Cocaina e crack. Sono queste le due le sostanze stupefacenti su cui avrebbero puntato tutto i componenti di un gruppo che ad Augusta, in provincia di Siracusa, avrebbe pensato a tutte le fasi: dal trasporto al confezionamento fino allo spaccio e al traffico. Undici di loro adesso sono finiti indagati (tre in carcere, uno ai domiciliari, un obbligo di dimora e sei indagati in stato di libertà) nell’ambito dell’operazione antidroga Crack point. Stando a quanto è stato ricostruito finora nel corso delle indagini, il gruppo avrebbe gestito un’imponente piazza di spaccio in contrada Scardina, nel complesso delle palazzine popolari nella cittadina megarese. Nei casi in cui le vittime non sarebbero riuscite a saldare il debito, gli indagati sarebbero arrivati a minacciarle e picchiarle. Il tutto con l’aggravante del metodo estorsivo commesso da più persone.

Nel corso delle attività di indagine, sono stati sequestrati 150 grammi di cocaina, 10.000 euro in contanti, quattro carte di reddito di cittadinanza (usate a titolo di garanzia), due libri mastro con i crediti della droga annotati, materiale utilizzato per il confezionamento delle dosi di sostanze stupefacenti e bilancini di precisione. Servizi di osservazione e intercettazioni hanno permesso agli inquirenti di ricostruire il circuito di approvvigionamento e spaccio. Nel corso delle indagini, è emerso che un ruolo di particolare importanza sarebbe stato rivestito da una donna di 60 anni: sarebbe stata lei a gestire dentro la propria abitazione un vero e proprio laboratorio e centro di spaccio. Ricevuta la cocaina, la 60enne avrebbe provveduto a lavorarla per trasformala in crack e cedere le singole dosi agli assuntori, a credito o dietro corrispettivo. In alcuni casi, la droga sarebbe stata anche direttamente consumata a casa della donna. Prassi da cui è derivato il nome Crack point dato all’operazione antidroga.

In tutte queste attività, la donna ritenuta al vertice del gruppo si sarebbe avvalsa dell’aiuto stabile di alcuni collaboratori – gli altri finiti indagati – che avrebbe seguito tutte le indicazioni da lei fornite. Stando a quanto emerso, la sostanza stupefacente sarebbe stata trasportata da Catania ad Augusta e a concordare poi il prezzo sarebbe stata proprio la 60enne. Sempre lei avrebbe fornito ai suoi più stretti collaboratori tutte le direttive su dove andare ad acquistare la droga e su quali itinerari percorrere per evitare i controlli da parte delle forze dell’ordine. Il giro d’affari sarebbe stato in media tra i 200 e i 250 grammi a settimana. Tutto il ricavato sarebbe poi finito nelle casse della donna, mentre i suoi collaboratori sarebbero stati pagati con una dose di droga per i servizi svolti.

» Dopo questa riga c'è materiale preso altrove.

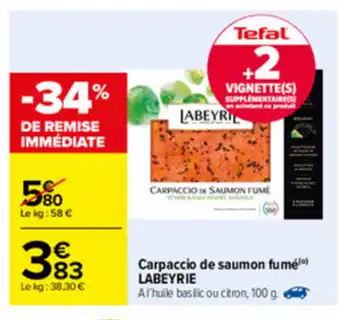 Carrefour Carpaccio de saumon fumé Labeyrie offre
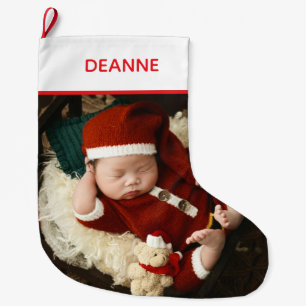 Eenvoudige Elegant Baby's Eerste Kerstmis 1 Foto Grote Kerstsok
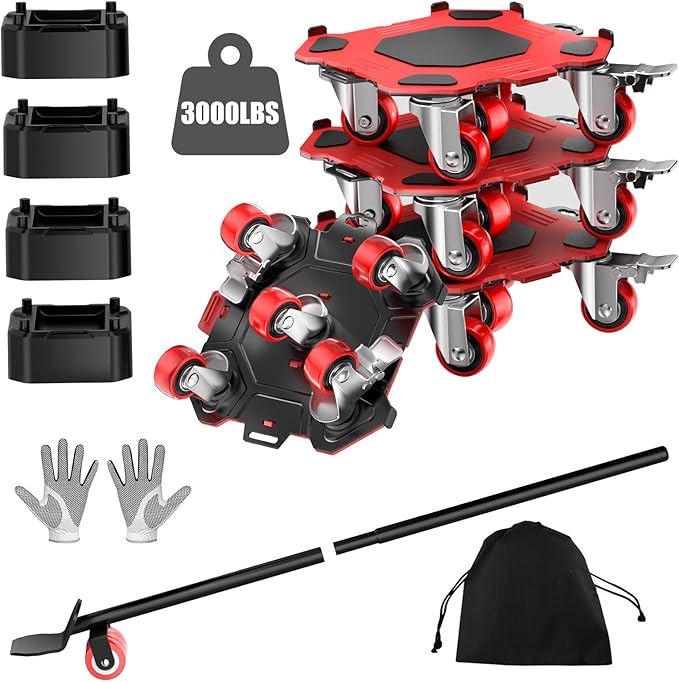 LOYAL TIGER Furniture Dolly & Movers 4-Pack 3000lbs - Heavy Duty Interlocking Furniture Sliders with No Scratch Design, Safe for Hardwood Floors, for Sofa/Refrigerator/Piano Moving (Red, 7in)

Nel corso delle indagini, è inoltre emerso che in alcuni casi la droga sarebbe stata venduta a credito ai clienti. Probabilmente con l’obiettivo di fidelizzarli. I crediti sarebbero poi stati annotati nei libri mastro per essere poi successivamente recuperati. Per i creditori insolventi la donna si sarebbe servita dei collaboratori che avrebbero provato a ottenere i soldi con minacce e atti di violenza. In certi casi, invece, la donna avrebbe trattenuto come pegno le carte del reddito di cittadinanza dei clienti che non avevano saldato il debito. In piena notte, insieme a un collaboratore, la 60enne sarebbe poi andata al postamat più vicino per prelevare con ogni carta il massimo possibile evitando che i clienti insolventi potessero sperperare il denaro che le spettava.